Exercise aim:
Across the entries below, how many lines contain the string "Modern"? Only the number is wanted.

(Records from a dataset)
%%

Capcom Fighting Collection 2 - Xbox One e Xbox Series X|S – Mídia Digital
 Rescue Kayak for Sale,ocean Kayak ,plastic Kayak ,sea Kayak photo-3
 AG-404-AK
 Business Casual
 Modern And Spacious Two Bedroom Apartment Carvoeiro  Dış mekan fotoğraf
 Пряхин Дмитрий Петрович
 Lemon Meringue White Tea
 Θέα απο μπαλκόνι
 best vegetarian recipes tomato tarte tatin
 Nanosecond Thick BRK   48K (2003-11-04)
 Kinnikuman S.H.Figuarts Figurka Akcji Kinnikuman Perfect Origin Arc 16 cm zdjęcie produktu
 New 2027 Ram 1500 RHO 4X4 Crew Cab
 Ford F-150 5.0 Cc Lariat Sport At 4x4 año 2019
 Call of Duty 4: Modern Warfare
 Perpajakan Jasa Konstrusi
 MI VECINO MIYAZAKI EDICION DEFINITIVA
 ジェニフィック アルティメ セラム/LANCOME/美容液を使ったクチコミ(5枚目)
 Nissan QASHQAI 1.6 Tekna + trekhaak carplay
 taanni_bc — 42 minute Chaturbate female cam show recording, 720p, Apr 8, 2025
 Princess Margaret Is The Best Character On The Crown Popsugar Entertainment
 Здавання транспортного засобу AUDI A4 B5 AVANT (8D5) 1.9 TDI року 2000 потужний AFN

%%

Solution to this problem:
2